Es gibt ganz klare Antworten auf diese Fragen, die jede Streiterei im Kern ersticken könnte – man müsste nur wissen, wie man sie ausrechnet. Da kommt Nicolas Klupak ins Spiel. Der Mathematiker ist Gründer der Nachhilfeschule Akademus und im Internet als Mathe-Nick unterwegs.

Nun hat er die größten Alltagsfragen in einem Buch (Was kostet es, ein Handy aufzuladen?, mvg Verlag) aufgegriffen. Drei von diesen zeigen wir hier und fragten Nick nebenbei, ob es sich nicht anstrengend anfühlt, mit der mathematischen Brille durch die Gegend zu laufen …

Nick Klupak Mathematik
Mathematiker Nick Klupak hat ein Buch über Berechnungen von Alltagsfragen geschrieben.Bild: privat / Benedikt Köglmeier

Denn jetzt mal ehrlich: Ein ganzes Buch über Matheaufgaben zu schreiben, das klingt für viele Menschen wohl etwa so attraktiv, wie sich alle vier Weisheitszähne gleichzeitig ziehen zu lassen. Woran liegt es, dass viele Leute vor Mathematik zurückschrecken?
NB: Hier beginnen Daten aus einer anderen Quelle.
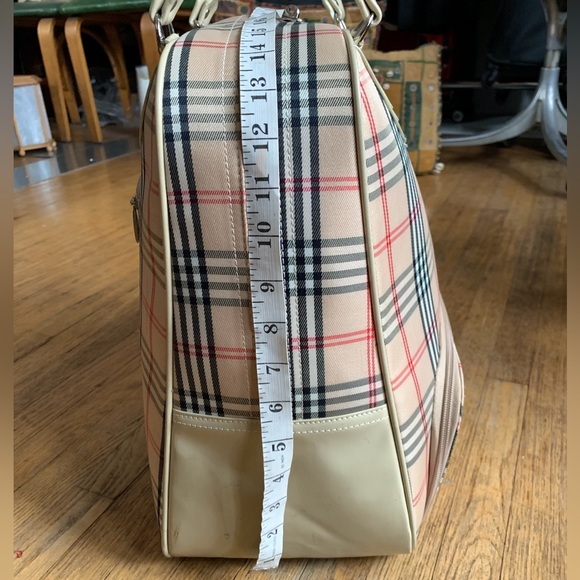 LARGE Vintage PERFECT FAUX BURBERRY Tote/ Carry On Bag❤️ - Picture 14 of 15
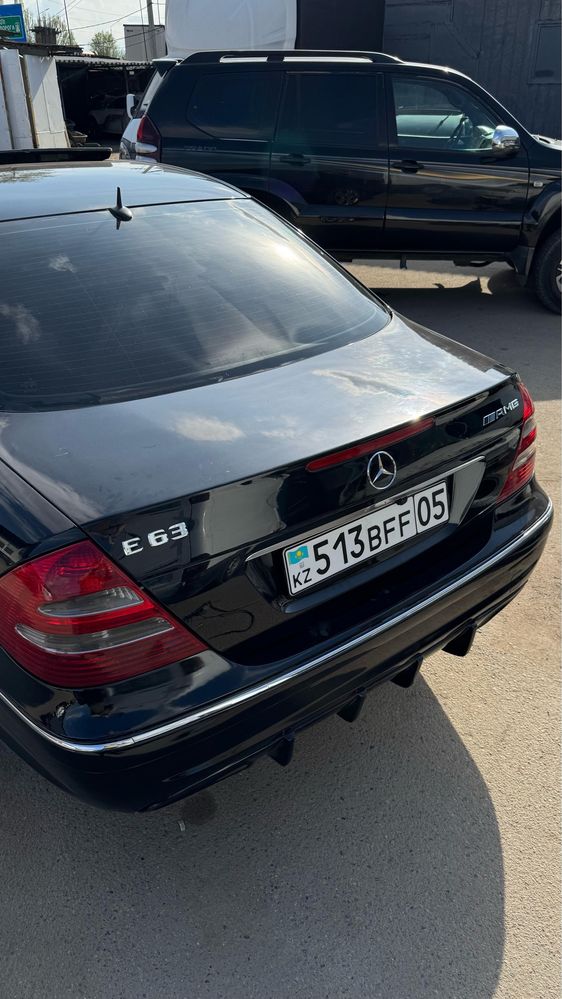 Обвесы, губы, бамперы, тюнинг на Mercedes W211 | Кузовные детали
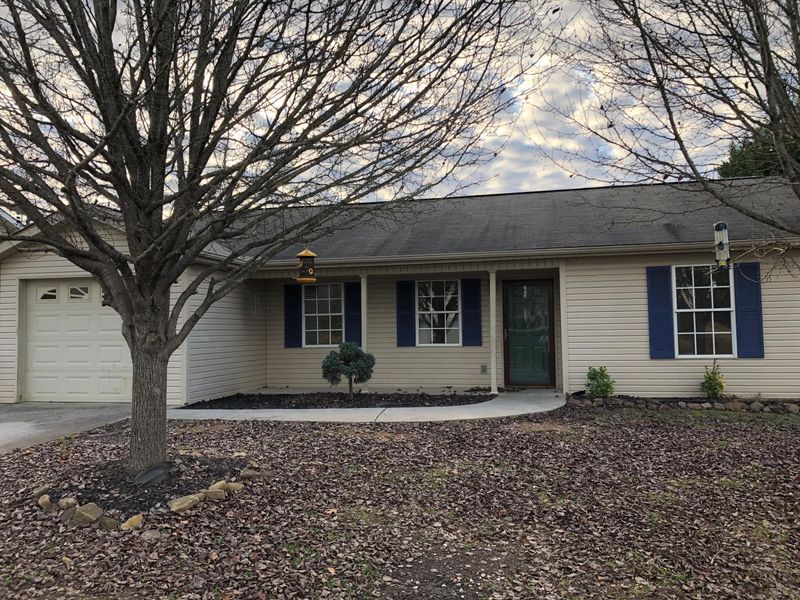 6425 Hugh Willis Rd, Powell, TN 37849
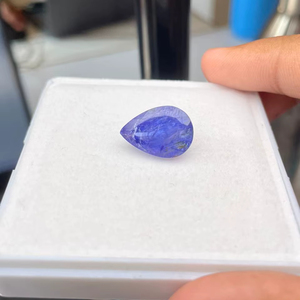 แทนซาไนต์ธรรมชาติ 10.80 กะรัต รูปทรงลูกแพร์ คุณภาพเกรด AAA พร้อมความเงางามระดับ AAA และสีสวยงาม เหมาะสำหรับการทำเครื่องประดับทุกชนิด ในราคาประหยัด - Product Image 5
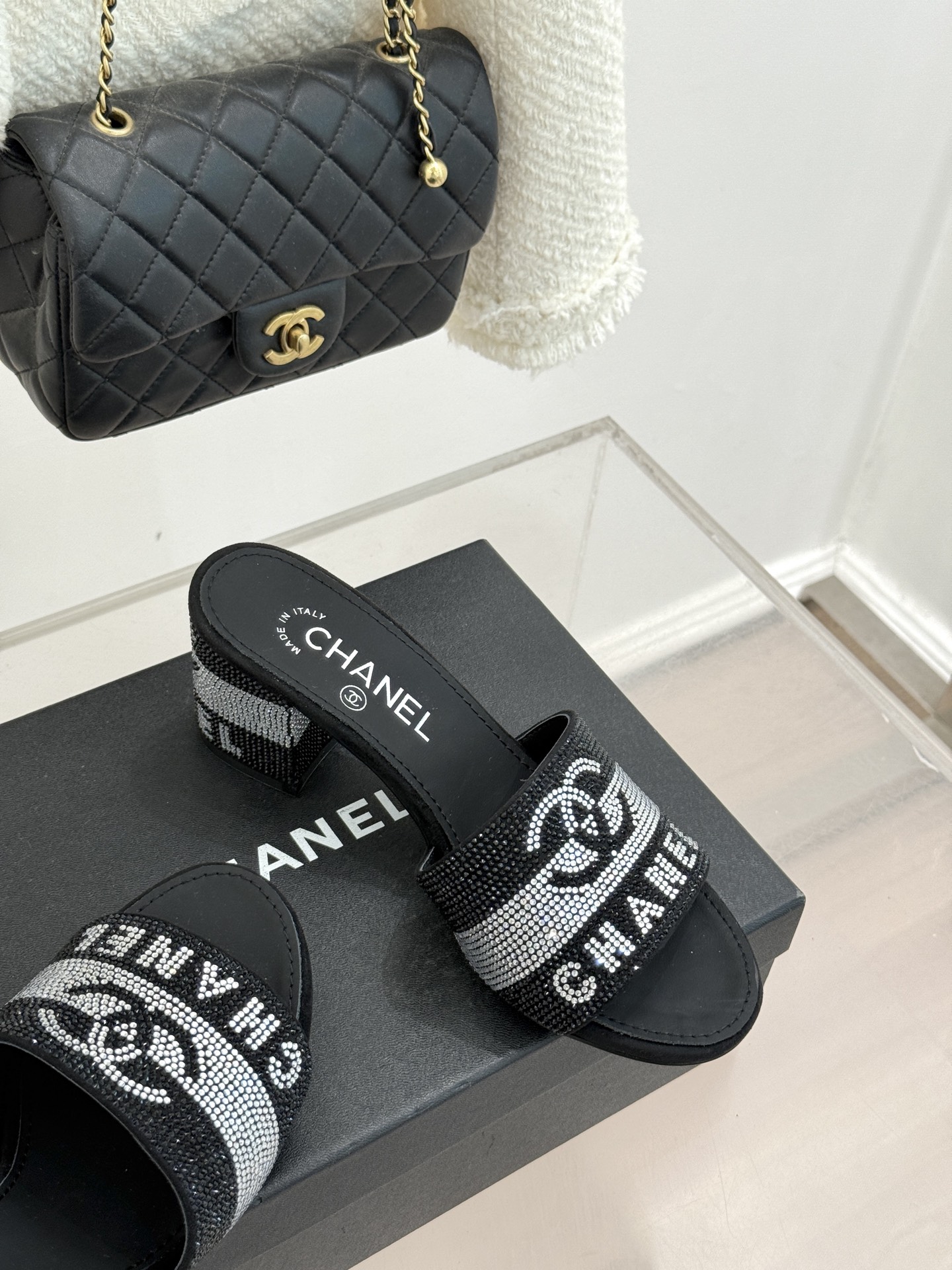 CHANE*｜小香经典水钻双C字母拖鞋这大概就是传说中公主的水晶鞋吧💎璀璨水钻手工镶嵌双C标识光影流转间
Nick sagt, er sei "ziemlich sicher, dass es die negativen Erfahrungen waren, die man wahrscheinlich als Schüler*in in der Schulzeit gesammelt hat, gepaart mit einem unsympathischen Mathelehrer." Als Nachhilfespezialist versucht er genau diese Muffel im Erwachsenenalter abzuholen, und zwar mit praxisnahen Beispielen, anhand derer auch ein Laie den Sinn und Zweck von Mathematik verstehen sollte.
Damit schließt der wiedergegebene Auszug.